Goals of Protection
Goals of Protection
Goals of protection
As computer systems have become more sophisticated and pervasive in their applications, the
need to protect their integrity has also grown. Protection was originally conceived as an
adjunct to multiprogramming operating systems, so that untrustworthy users might safely
share a common logical name space, such as a directory of files, or share a common physical
name space, such as memory. Modern protection concepts have evolved to increase the
reliability of any complex system that makes use of shared resources. We need to provide
protection for several reasons. The most obvious is the need to prevent the mischievous,
intentional violation of an access. Of more general importance, however, is the need to ensure
that each program component active in a system uses system resources only in ways
consistent with stated policies. This requirement is an absolute one for a reliable system.
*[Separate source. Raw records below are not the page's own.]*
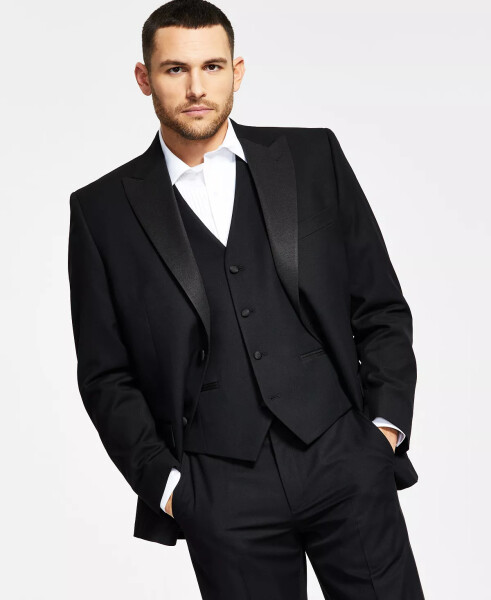 Men's Classic-Fit Stretch Black Tuxedo Jacket, Created for Modazone Black - 1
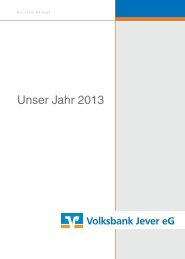 JahresrÃ¼ckblick 2012 (PDF) - Volksbank Jever eG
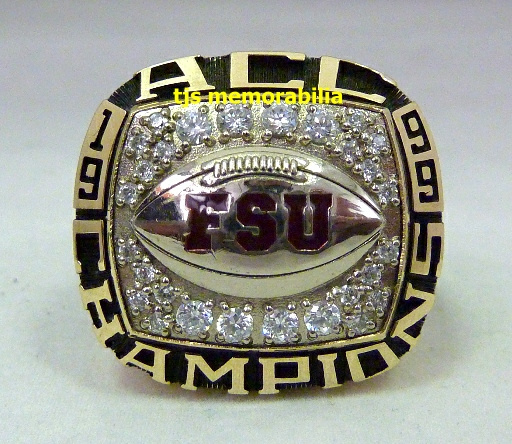 1999 FLORIDA STATE SEMINOLES ACC CHAMPIONSHIP RING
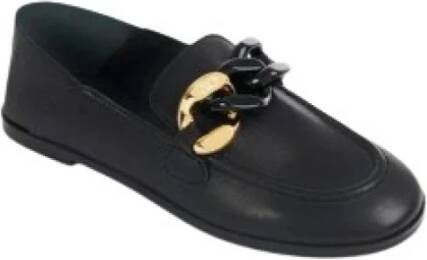 Chloé Zwarte Ketting Loafer Mocassin Schoenen Black Dames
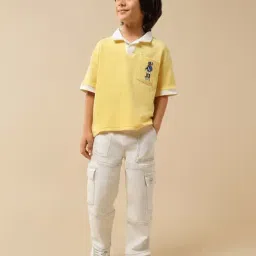 U.S. Polo Assn. Boys Yellow Cotton Polo T-Shirt-picture-43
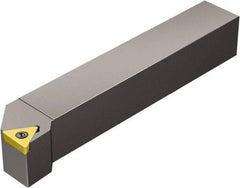 Sandvik Coromant - STFCR/L, Right Hand Cut, -1° Lead Angle, 12mm Shank Height x 12mm Shank Width, Neutral Rake Indexable Turning Toolholder - 80mm OAL, TCMT 11 02 04, TCMT 2(1.5)1 Insert Compatibility, Series CoroTurn 107 - Benchmark Tooling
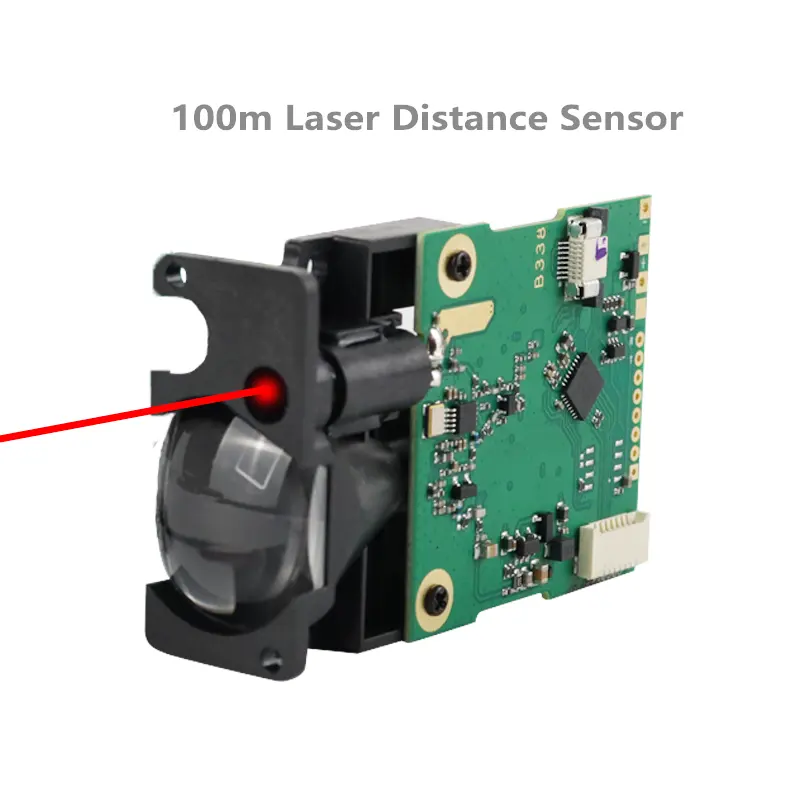 Capteur de distance longue portée 100m Module de distance longue portée industriel RS485 Capteur de mesure de distance laser 20Hz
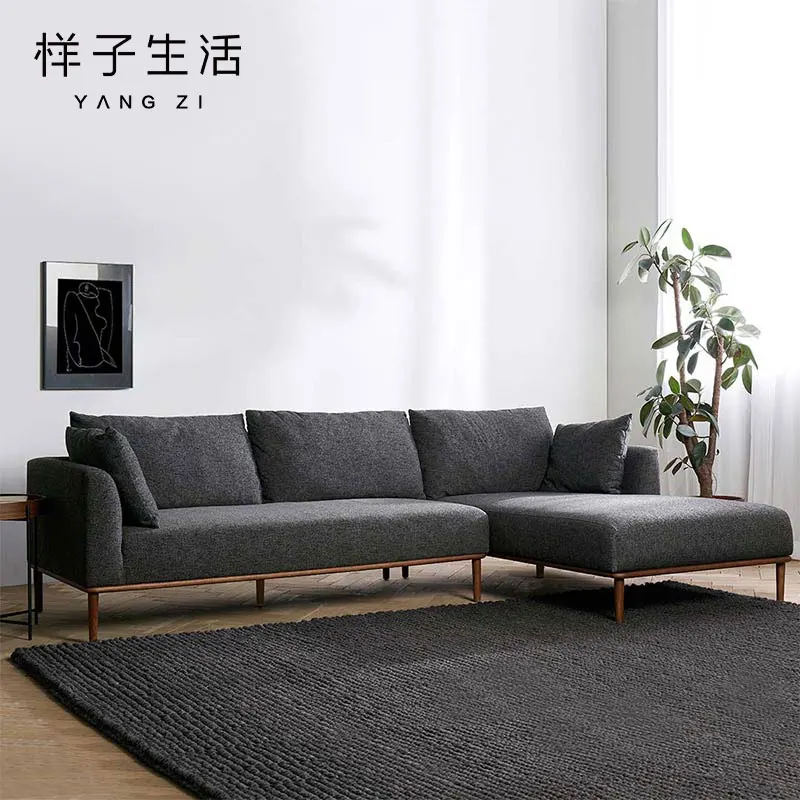 
Yangzi Gentleman Series Times Red Oak three proofing technology fabric living room couch sectional upholstered sofa set 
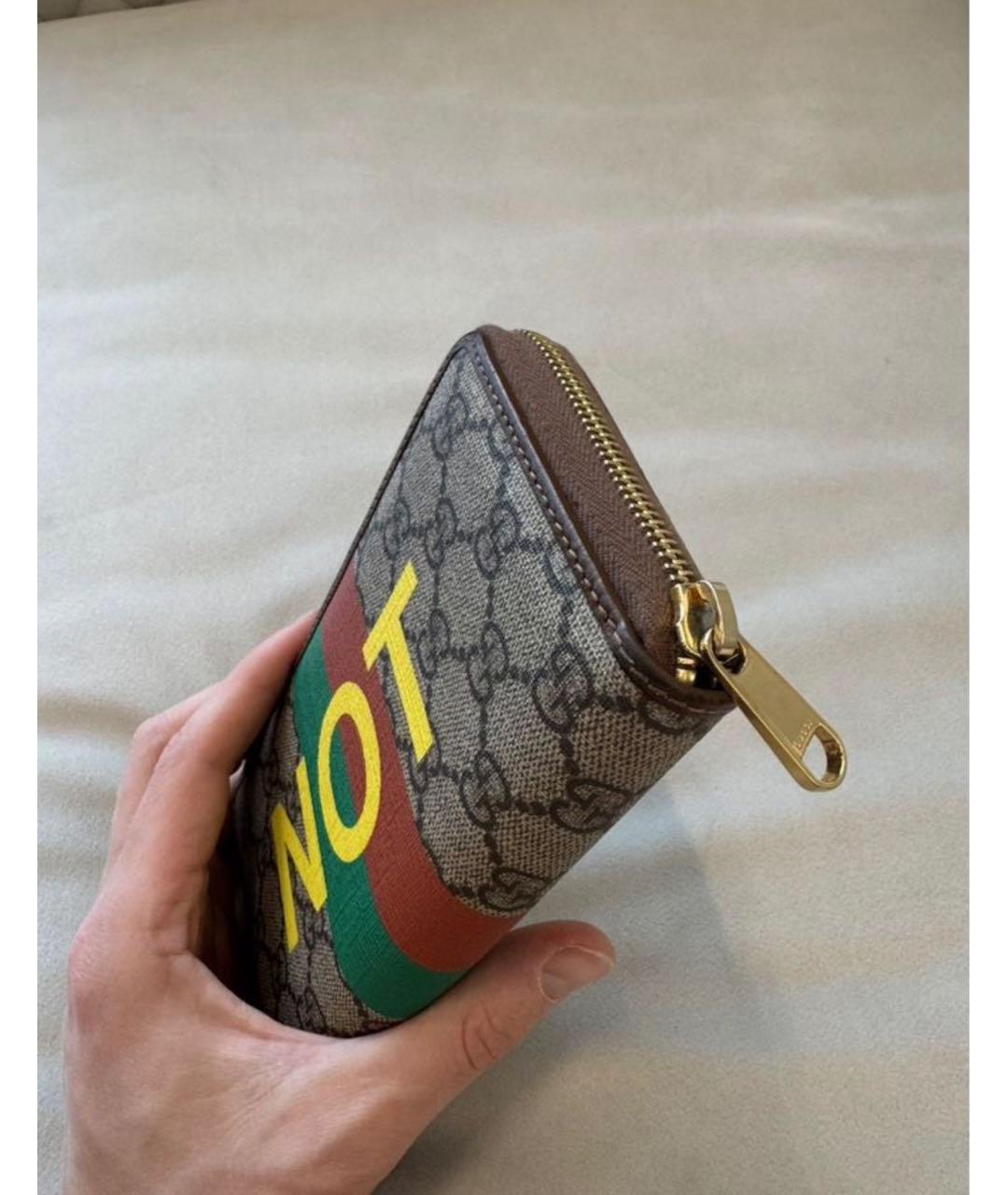 GUCCI Коричневый кошелек, фото 4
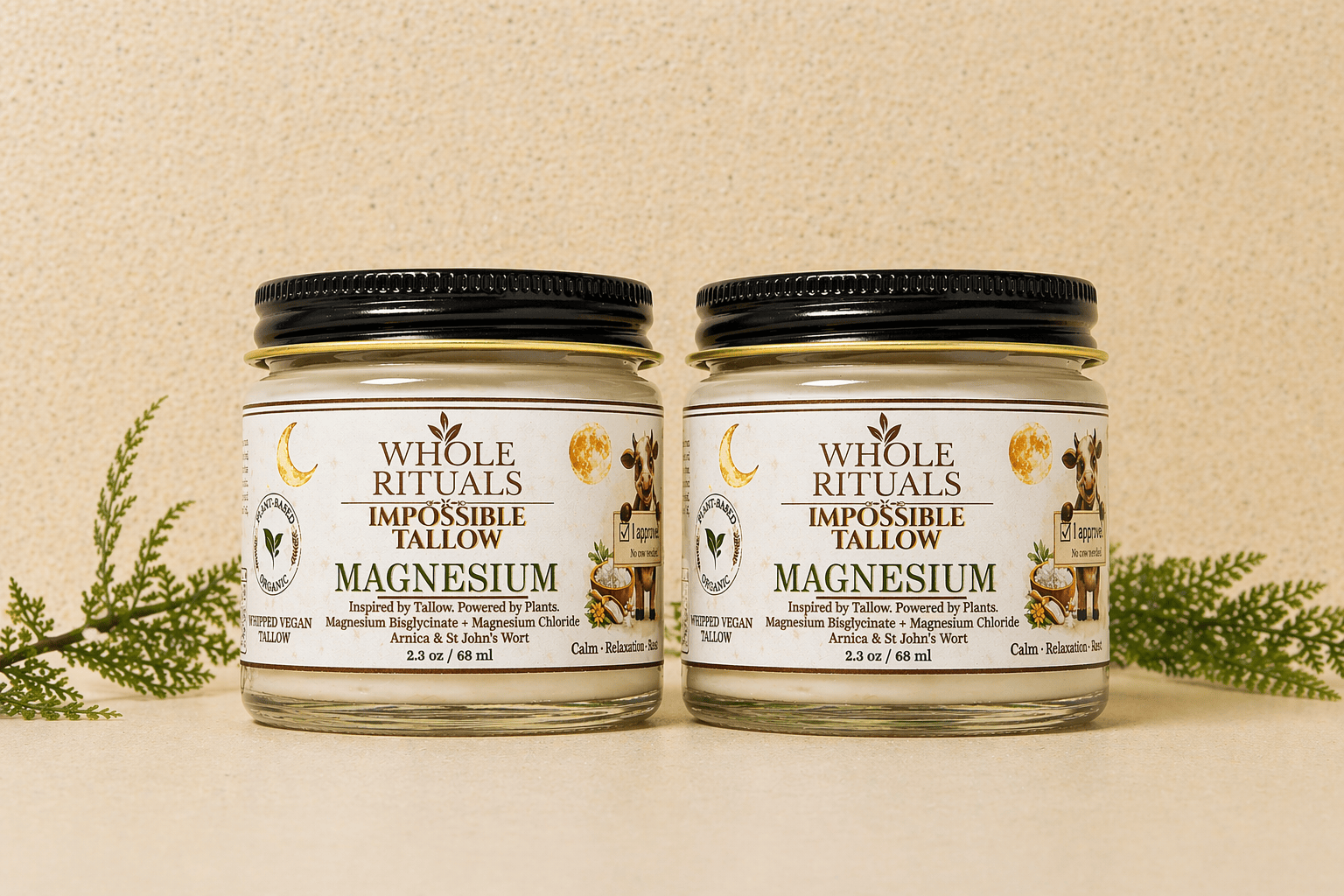 Whole Rituals Face Moisturizer 2 Pack - Save 10% Whipped Vegan Magnesium Balm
Protection can improve reliability by detecting latent errors at the interfaces between
component subsystems. Early detection of interface errors can often prevent contamination of
a healthy subsystem by a malfunctioning subsystem. Also, an unprotected resource cannot
defend against use (or misuse) by an unauthorized or incompetent user. A protection-oriented
system provides means to distinguish between authorized and unauthorized usage. The role
of protection in a computer system is to provide a mechanism for the enforcement of the
policies governing resource use. These policies can be established in a variety of ways. Some
are fixed in the design of the system, while others are formulated by the management of a
system. Still others are defined by the individual users to protect their own files and
programs. A protection system must have the flexibility to enforce a variety of policies.
Policies for resource use may vary by application, and they may change over time. For these
reasons, protection is no longer the concern solely of the designer of an operating system.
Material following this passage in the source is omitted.